The LNG projects that could get FID this year include the $27 billion Arctic LNG 2 project by Russia’s Novatek, at least one project in Mozambique and three in the United States, Woodmac said in a report. The three potential US projects are Qatar Petroleum’s Golden Pass joint-venture with Exxon Mobil Corp and ConocoPhillips, Venture Global LNG’s Calcasieu Pass project, and Cheniere Energy’s Sabine Pass train 6, the consultancy said. A three-train expansion in Papua New Guinea are among the projects awaiting FID this 2019.

“Now is a good time to invest. If you look at industry costs, they have really come off a cliff from 2 to 3 years ago.
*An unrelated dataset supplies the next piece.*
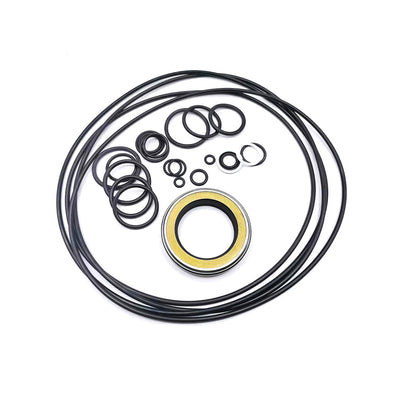 For Hitachi EX200-1 Swing Motor Seal Kit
So if you’re investing now, you’re investing in the bottom of the cost cycle,” said Farrer.

Sources of the anticipated huge increase in LNG demand are being expected from China’s demand growth as part of a programme to shift households and factories from coal to gas, increased LNG import dependency in Europe, and a backlash against dirtier coal is driving optimism in the industry.

It is understood that the NLNG Train 7 FID will not  take place  until after the completion  of  the  Front  End  Engineering  Design  (FEED )which is expected to give investors  a fair idea  of what would  be needed  financially to complete the project. However, non-signing of the FID does not mean that other commitments or activities that would facilitate   the construction of the plant are not going on behind the scene, a source close to the company told BusinessDay.

Tony Attah, managing director, Nigeria LNG Limited was quoted to have said that the company would take FID on Train-7 by December 2018, having signed its FEED. A financial adviser had equally been appointed by the company ahead of the expected FID.

Train 7 is expected to produce eight million tonnes per annum (MTPA) LNG. The sale and purchase agreements (SPAs) for the new volumes had been locked down with off-takers since 2007, but its terms would need to be concretised before the FID is achieved.